TG: De fato, esse caráter tentacular dos temas presentes nos trabalhos artísticos é surpreendente já que se apresenta a nós, curadores e público, como índice dessas movimentações simultâneas em diferentes locais, por diferentes práticas. O trabalho Epítome da domesticidade para meninas (2023), de Giovanna Camargo, também me leva a pensar em fragmentações. À primeira vista, o jogo de encaixes evoca a fragmentação dos corpos por meio de imagens que compõem o espaço doméstico e os afazeres impostos pelo machismo às mulheres. Por outro lado, as pranchas minuciosamente pintadas à mão, as quais poderiam facilmente ocupar as paredes da galeria de arte, encontram na manipulação realizada pelo público o viés para o seu enigma. Por uma via semelhante, fiquei muito emocionado ao me deparar com o trabalho de Lucas Soares, intitulado Memento (Maria Aparecida Soares) (2024). Nesta imagem “cifrada”, segundo o seu texto memorial, o artista produz um complexo arranjo de gestos e poderosos significados capazes de elevar não só sua história familiar, como a história de tantas Marias Aparecidas e tantas outras famílias como as nossas.
CF: Entre essas fragmentações que mencionamos, algo mais que observo é o quanto é profundamente inspirador nos depararmos com poéticas que percebem o descanso como uma proposição, seja de maneira mais explícita ou sutil. De modo geral, ainda estamos desenvolvendo uma perspectiva artística e crítica sobre esse tema, especialmente no contexto das vivências brasileiras. Por isso, acredito ser extremamente significativo ver um grupo de artistas que trazem o descanso à tona como um gesto político e estético, manifestando-o como um ato de justiça social e resistência às exigências de produtividade e eficiência impostas pelo capitalismo. Isso acende uma centelha de esperança diante da generosa contribuição que essa questão pode oferecer para a criação de novos imaginários e estratégias. Percebo esses aspectos muito bem entrelaçados por Yan Nicolas em A noite do meu bem (2023), no qual o afeto e a intimidade se destacam como elementos essenciais para essa experiência, especialmente quando é compartilhada. Se o descanso reivindica uma certa dilatação do tempo, muitas vezes devorado pelas obrigações dos nossos ofícios, na obra Sérgio (2023), Luiza Poeiras faz reflexões instigantes sobre o exercício da desobediência que, em meio a cenários inóspitos, proporciona momentos de lazer e devaneios.
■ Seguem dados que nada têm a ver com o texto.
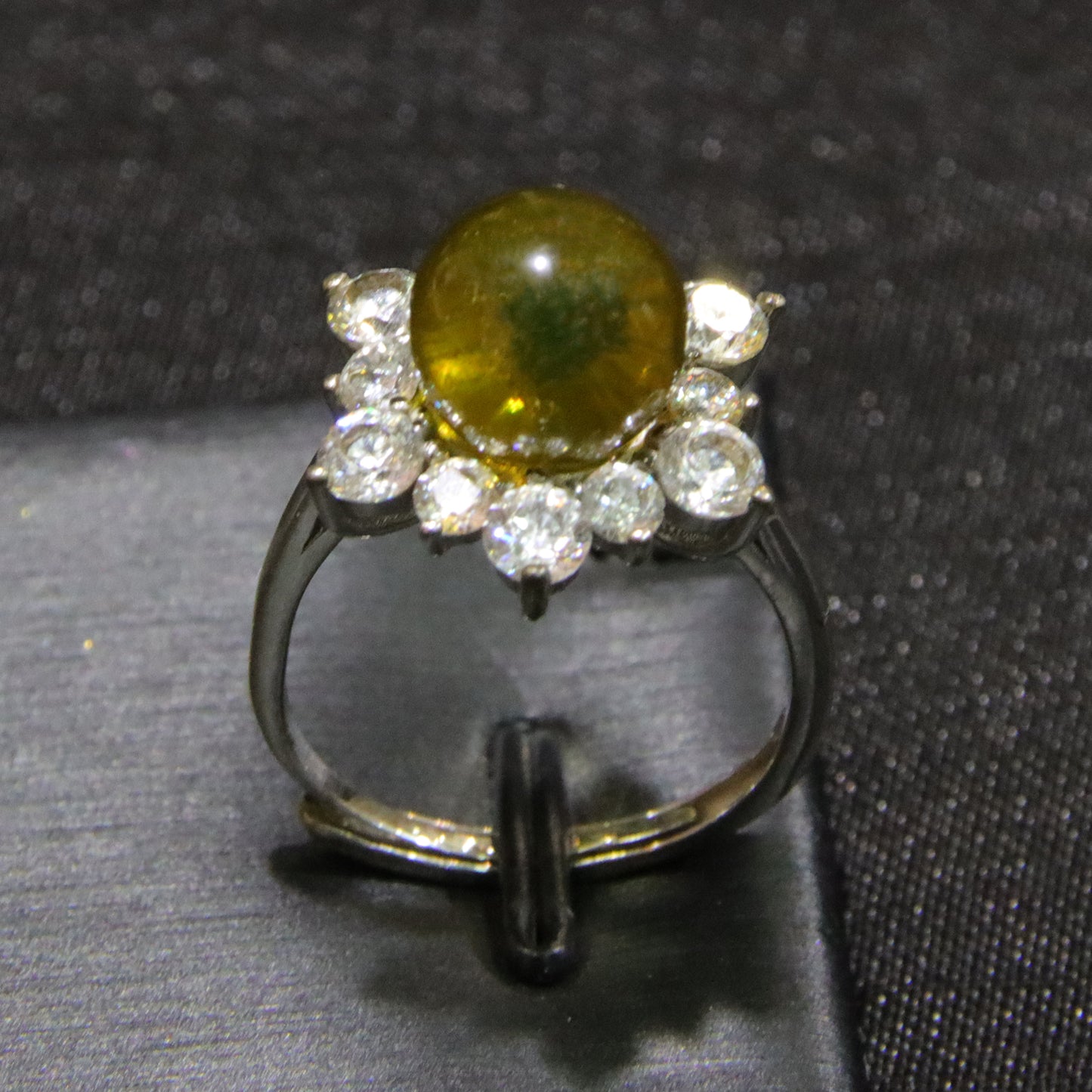 925 silver fashion blue amber diameter 9mm 0.003kg women's ring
Por outro lado, o conjunto de peças sequenciais: Sim, dá tempo. (OTIMISMO POR INFLUÊNCIA); Você consegue! (OTIMISMO POR INFLUÊNCIA); Claro, quatro é uma boa quantidade (OTIMISMO POR INFLUÊNCIA); O importante é tentar! (OTIMISMO POR INFLUÊNCIA), ambos de 2024, de Kelly Pires, parece explorar a fronteira entre a realização dos seus sonhos e a meritocracia imposta pelo sistema neoliberal, refletindo sobre o descanso como uma forma de fugitividade, em que o destino, no caso de Kelly, é aquático e solar. Já na pintura Mãe: a força do mundo (2024), de Leid Ane, assim como em Maternar desde la rebeldía (2024), de Yanaki Herrera, embora sejam obras que eu poderia citar em outros contextos, elas me provocam pela maneira como expressam seus desejos e medos, em que o repouso se insinua nas entrelinhas das paisagens movediças.
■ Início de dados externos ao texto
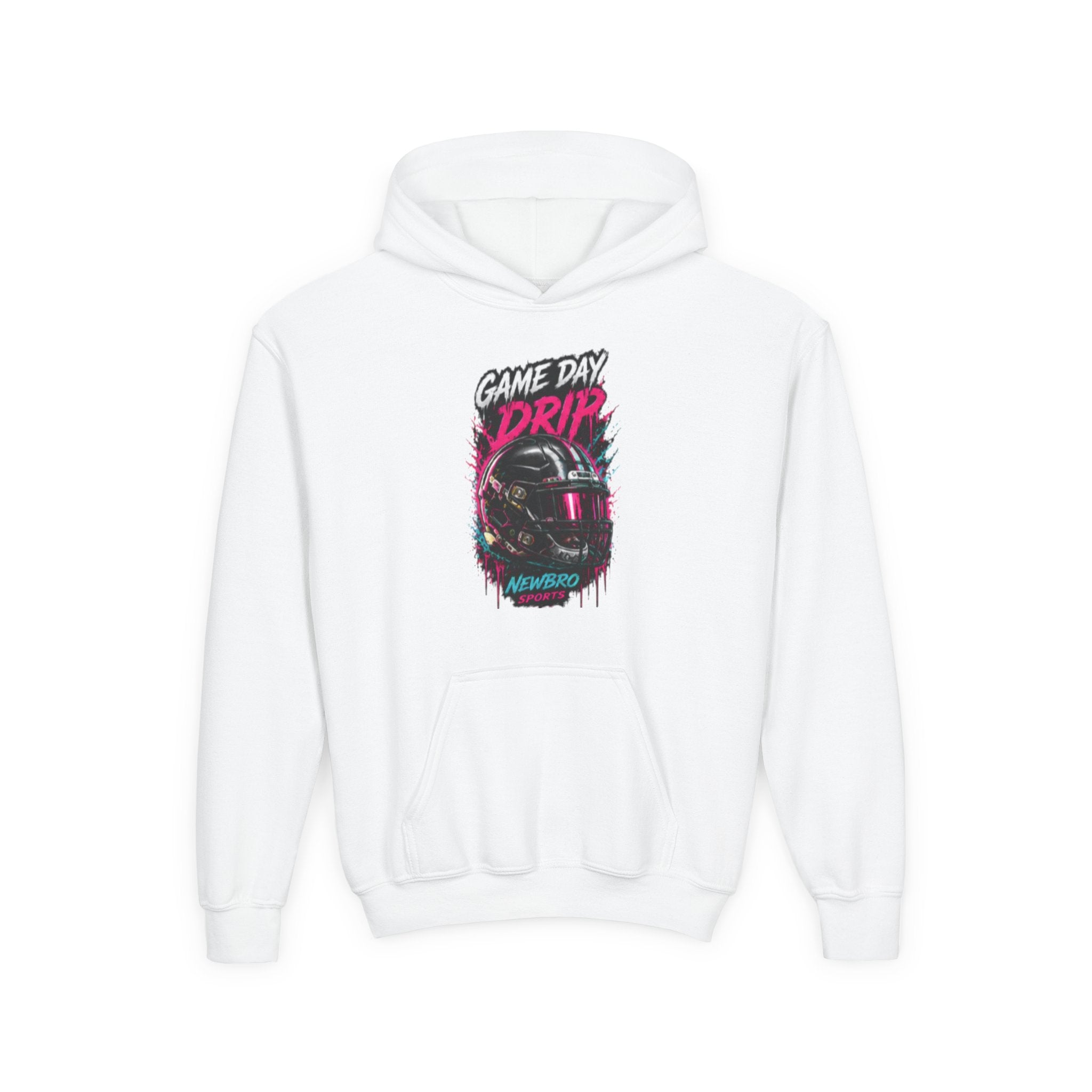 Youth Football Hoodie "Game Day Drip" — Retro Helmet Graphic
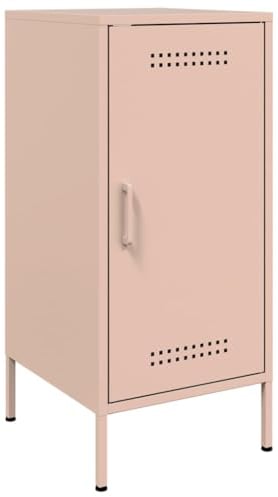 vidaXL Buffet, Armoire avec Pieds, Placard avec Porte, Meuble de Rangement Salon Chambre à Coucher Intérieur, Rose 36x39x79 cm Acier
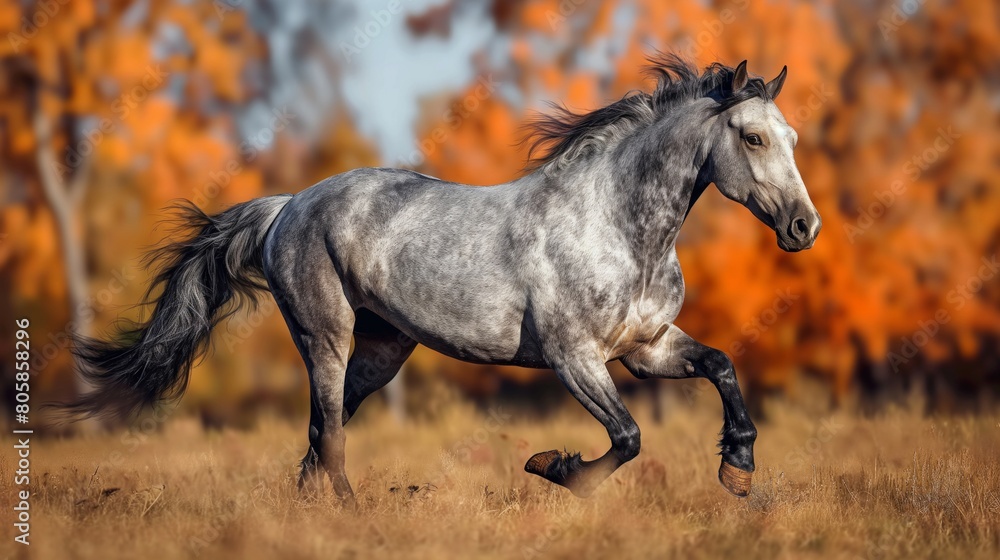 Majestic Gray Horse Running in Autumn Forest Majestic Gray Horse Running in Autumn Forest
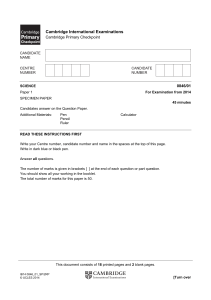 Cambridge Primary Science Specimen Paper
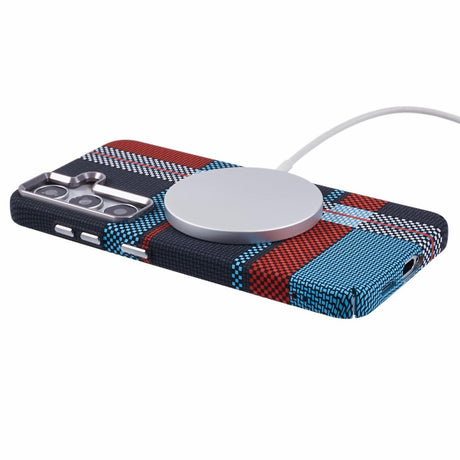 EIDERWOOD Mønstret Carbon Cover - Samsung Galaxy S24 - MagSafe Kompatibel - Dark Checkered Pattern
TG: Fascinante ver esses arranjos se consolidando e, ao mesmo tempo, se movendo em inúmeras outras configurações. Para mim, a riqueza de um projeto expositivo está em garantir as condições para o exercício da agência do público, mas sobretudo da agência das poéticas na construção de novos sentidos e percursos. Você fala sobre o descanso como gesto político e estético, certo? Isso me convida a olhar para a ausência do ócio, e como inúmeras poéticas se posicionam frente à precariedade do trabalho de artista e à uberização da arte. Neste sentido, me parece que a preservação da poesia é o trunfo de resistência diante da obscenidade dos cachês insignificantes, cortes orçamentários irresponsáveis, usos oportunistas da imagem e das agendas políticas desses artistas por instituições. O gesto de pintar Papéis de bala (2022), de Estela Camillo, vai de encontro ao humor e à ironia, assim como faz Lucas Gusmão em Espetinho de frango, (2023). O trabalho de arte se tornando refém do delivery institucional é posto em denúncia. Sobremesa I e II, da série Cria do RV (bairro de Ribeirão Preto), de Bruno Benedicto e Viver é hmm-ma delícia! Ifood (2024), de Nat Rocha, lançam mão da coragem e da ousadia abandonadas por muitos outros que se consagram e, automaticamente, esquecem de onde vieram. Essa radicalidade das proposições presentes na 31ª MAJ me excita, especialmente por advirem de um legítimo (e muito jovem!) poder de questionamento das estruturas amortecedoras do fazer artístico. Pensaram por nós (2023), de Samuel Cunha, e Todo dia a mesma coisa (2024), de Mariana Simões, lançam luz sobre essas questões cruzando suas experiências cotidianas de sobrevivência com a própria experiência de ser artista.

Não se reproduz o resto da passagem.